[Exercise inputs — start]

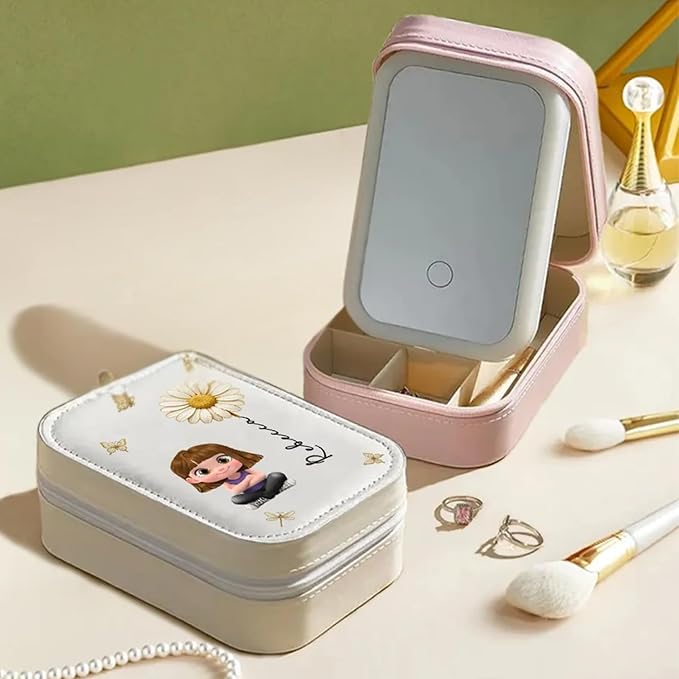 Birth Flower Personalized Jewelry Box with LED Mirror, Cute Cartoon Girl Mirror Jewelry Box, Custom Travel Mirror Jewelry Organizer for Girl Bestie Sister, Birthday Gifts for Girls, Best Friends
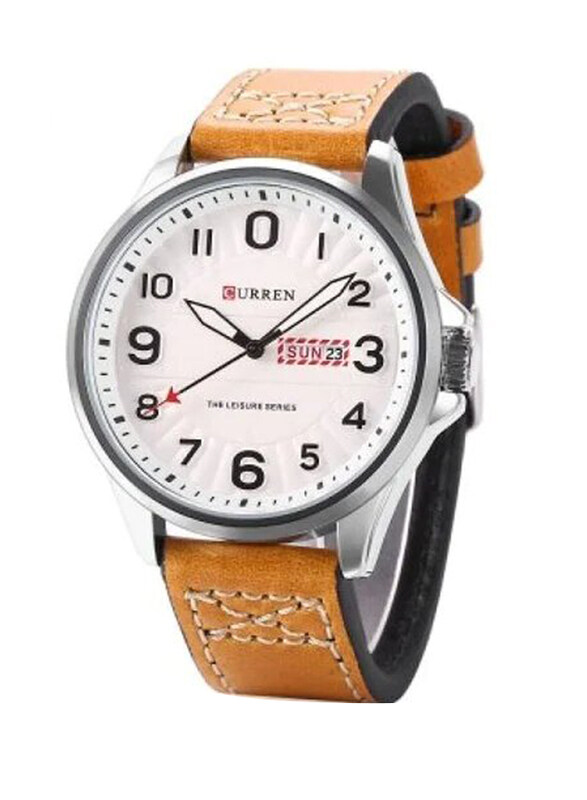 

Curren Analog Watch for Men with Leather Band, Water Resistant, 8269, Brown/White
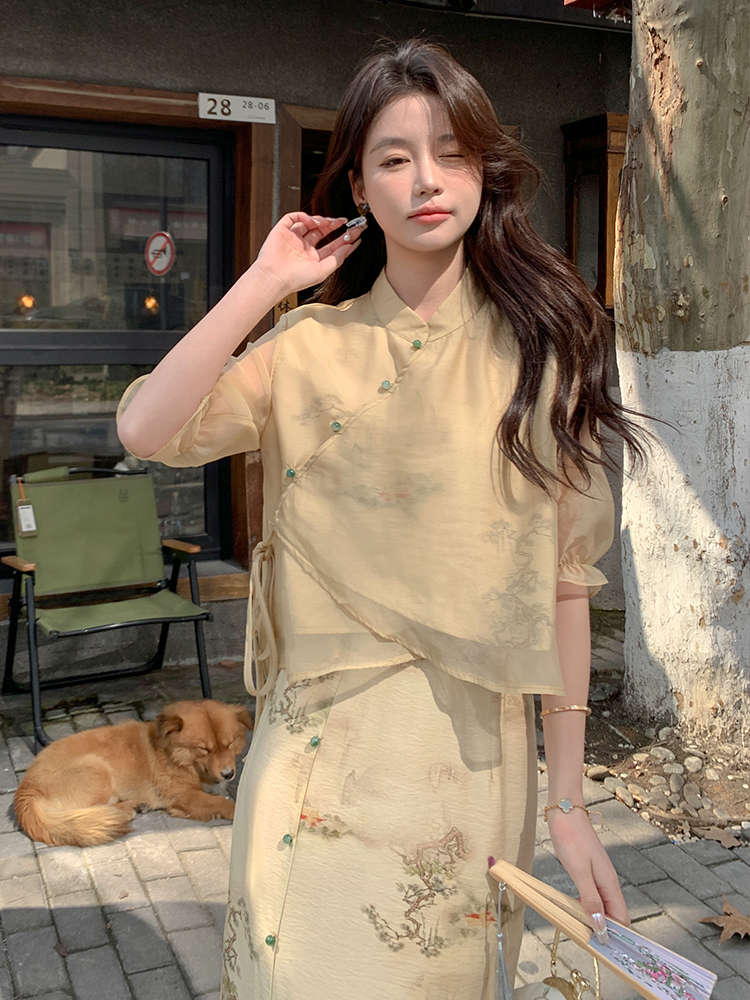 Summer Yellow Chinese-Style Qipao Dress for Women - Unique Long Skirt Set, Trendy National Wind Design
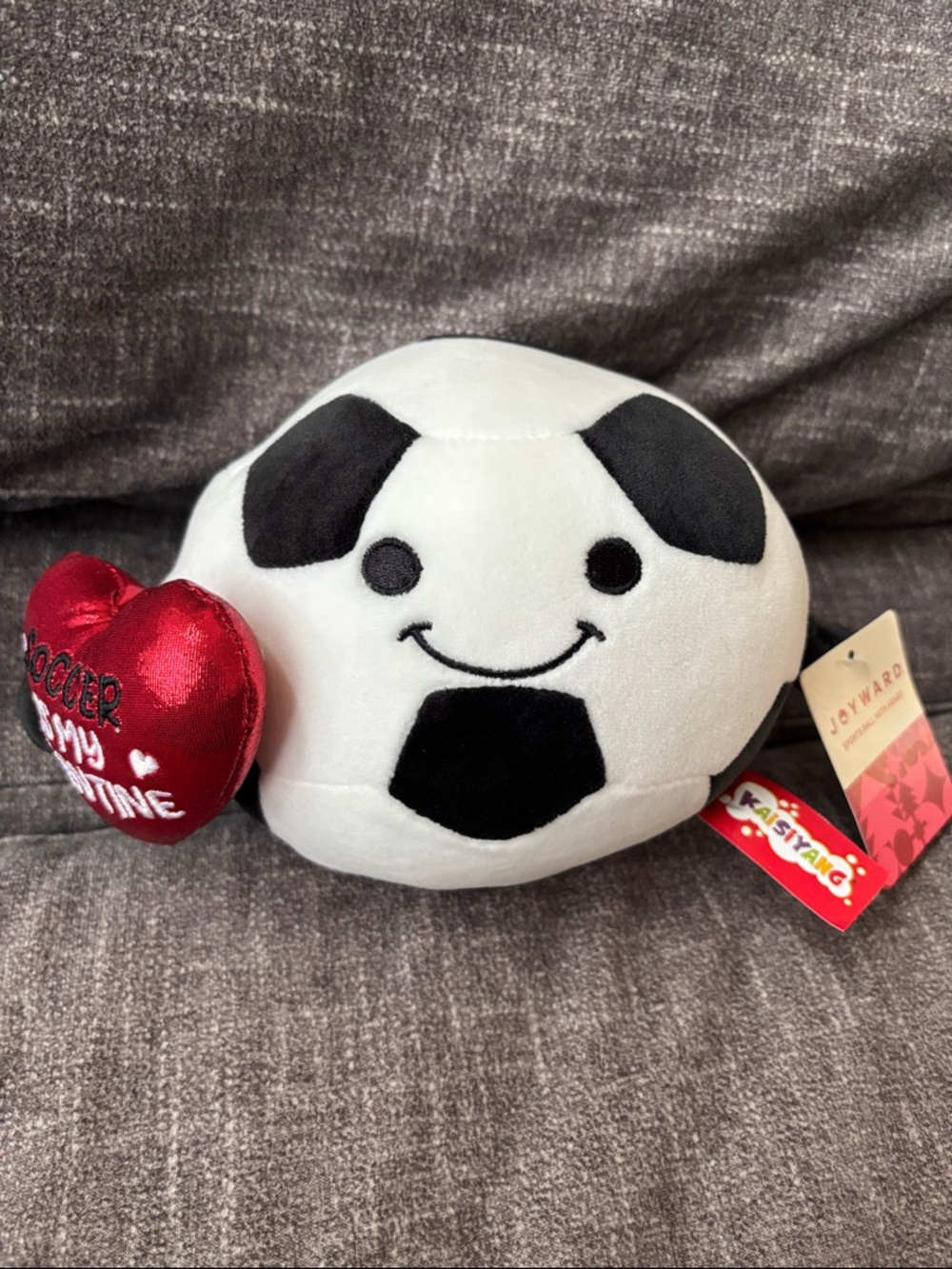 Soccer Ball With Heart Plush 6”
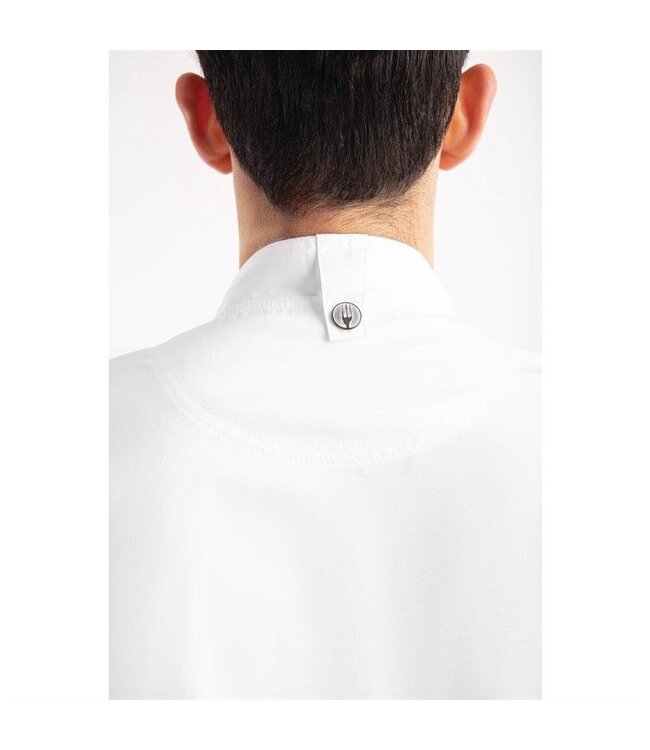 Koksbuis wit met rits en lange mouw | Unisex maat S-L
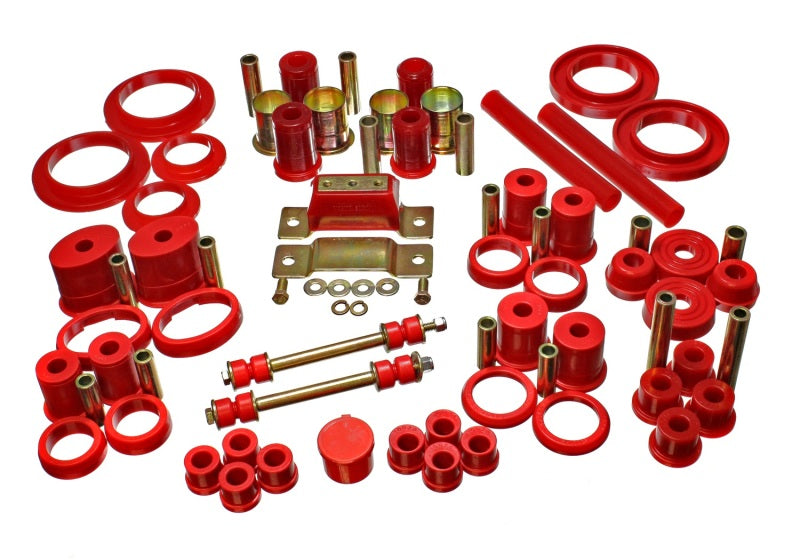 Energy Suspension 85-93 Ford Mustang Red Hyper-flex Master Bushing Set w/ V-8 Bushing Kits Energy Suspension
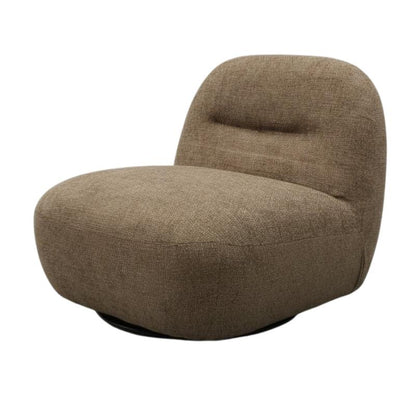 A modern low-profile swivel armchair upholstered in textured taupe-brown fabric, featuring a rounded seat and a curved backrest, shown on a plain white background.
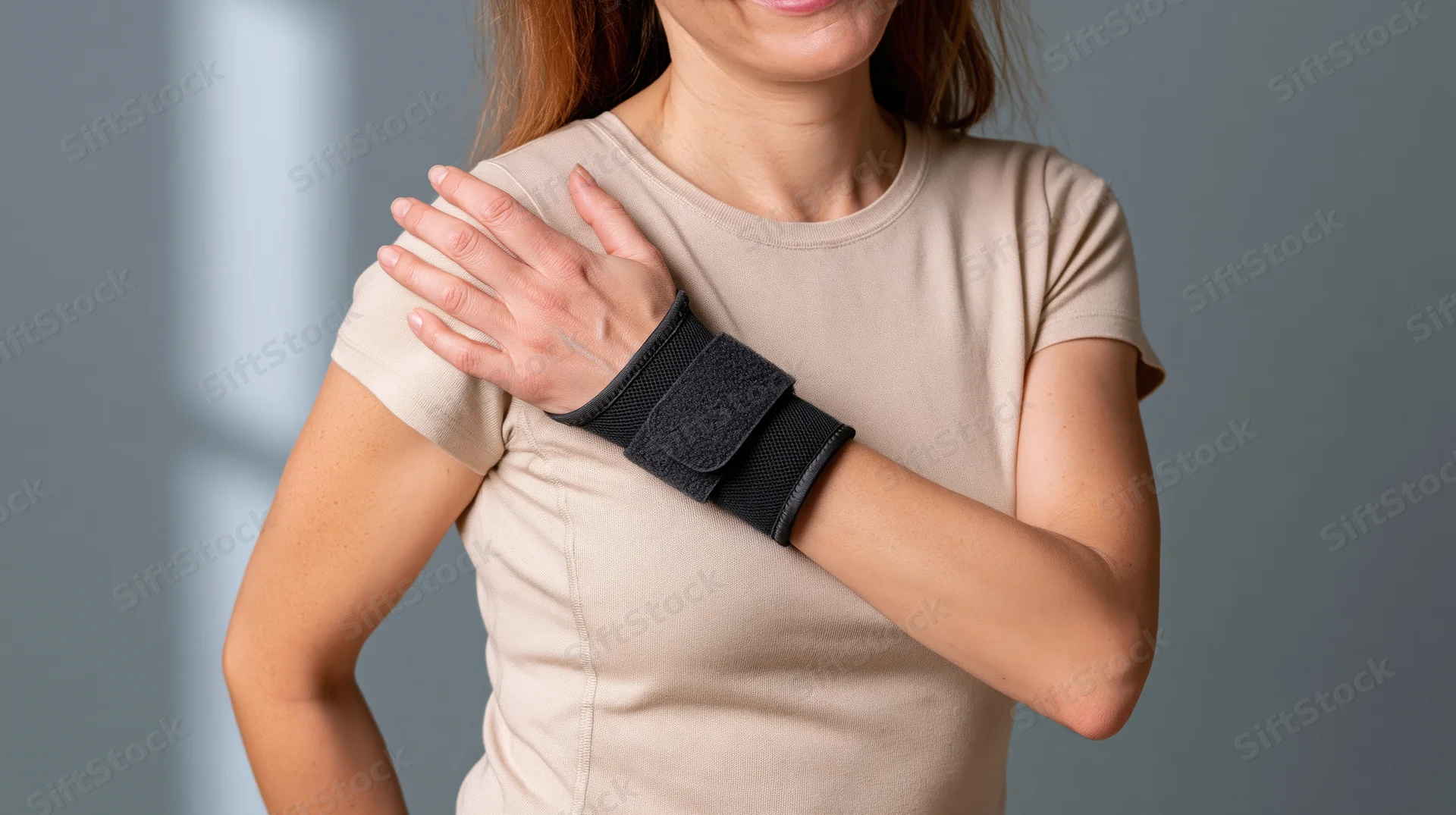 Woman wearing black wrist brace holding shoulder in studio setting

[Exercise inputs — finish]

What you will do:
Nothing but the records above, exact and without pictures, should appear in the answer.

Your response:
 Birth Flower Personalized Jewelry Box with LED Mirror, Cute Cartoon Girl Mirror Jewelry Box, Custom Travel Mirror Jewelry Organizer for Girl Bestie Sister, Birthday Gifts for Girls, Best Friends

Curren Analog Watch for Men with Leather Band, Water Resistant, 8269, Brown/White
 Summer Yellow Chinese-Style Qipao Dress for Women - Unique Long Skirt Set, Trendy National Wind Design
 Soccer Ball With Heart Plush 6”
 Koksbuis wit met rits en lange mouw | Unisex maat S-L
 Energy Suspension 85-93 Ford Mustang Red Hyper-flex Master Bushing Set w/ V-8 Bushing Kits Energy Suspension
 A modern low-profile swivel armchair upholstered in textured taupe-brown fabric, featuring a rounded seat and a curved backrest, shown on a plain white background.
 Woman wearing black wrist brace holding shoulder in studio setting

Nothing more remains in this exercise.